Look through the data below for the line with "Mural de arrecife de coral" and the line with "Servo Tester Gear", then output those two and all lines in between, exactly as written.

*** Opening Records for processing ***

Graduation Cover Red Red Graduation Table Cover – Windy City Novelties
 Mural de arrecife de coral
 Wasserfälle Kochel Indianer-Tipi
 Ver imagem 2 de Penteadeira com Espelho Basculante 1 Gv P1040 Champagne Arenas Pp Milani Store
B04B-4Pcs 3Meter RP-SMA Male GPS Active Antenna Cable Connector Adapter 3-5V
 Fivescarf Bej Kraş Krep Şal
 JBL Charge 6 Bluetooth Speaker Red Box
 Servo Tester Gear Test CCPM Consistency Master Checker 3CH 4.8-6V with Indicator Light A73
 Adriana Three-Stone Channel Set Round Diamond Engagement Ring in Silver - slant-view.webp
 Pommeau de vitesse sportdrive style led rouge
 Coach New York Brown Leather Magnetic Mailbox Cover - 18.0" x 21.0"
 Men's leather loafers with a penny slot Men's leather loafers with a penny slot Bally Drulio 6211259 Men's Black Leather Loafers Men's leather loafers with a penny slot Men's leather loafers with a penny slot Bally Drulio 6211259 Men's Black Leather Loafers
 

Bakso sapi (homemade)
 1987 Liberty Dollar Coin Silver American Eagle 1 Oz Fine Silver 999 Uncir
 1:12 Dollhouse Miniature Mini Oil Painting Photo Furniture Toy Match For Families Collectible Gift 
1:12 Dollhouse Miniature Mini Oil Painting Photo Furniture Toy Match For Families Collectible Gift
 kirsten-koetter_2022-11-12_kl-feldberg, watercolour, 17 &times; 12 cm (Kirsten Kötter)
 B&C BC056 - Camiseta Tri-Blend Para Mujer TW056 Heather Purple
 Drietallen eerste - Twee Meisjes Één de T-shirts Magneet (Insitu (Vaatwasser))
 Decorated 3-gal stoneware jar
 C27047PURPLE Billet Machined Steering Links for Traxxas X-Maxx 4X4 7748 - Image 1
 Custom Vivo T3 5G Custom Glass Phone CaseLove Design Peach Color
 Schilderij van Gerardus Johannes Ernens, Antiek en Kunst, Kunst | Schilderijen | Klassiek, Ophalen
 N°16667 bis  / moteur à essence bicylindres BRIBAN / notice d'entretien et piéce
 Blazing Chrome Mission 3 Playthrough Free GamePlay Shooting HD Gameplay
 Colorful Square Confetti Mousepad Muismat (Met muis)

*** Closing Records for processing ***

[Task output]
 Mural de arrecife de coral
 Wasserfälle Kochel Indianer-Tipi
 Ver imagem 2 de Penteadeira com Espelho Basculante 1 Gv P1040 Champagne Arenas Pp Milani Store
B04B-4Pcs 3Meter RP-SMA Male GPS Active Antenna Cable Connector Adapter 3-5V
 Fivescarf Bej Kraş Krep Şal
 JBL Charge 6 Bluetooth Speaker Red Box
 Servo Tester Gear Test CCPM Consistency Master Checker 3CH 4.8-6V with Indicator Light A73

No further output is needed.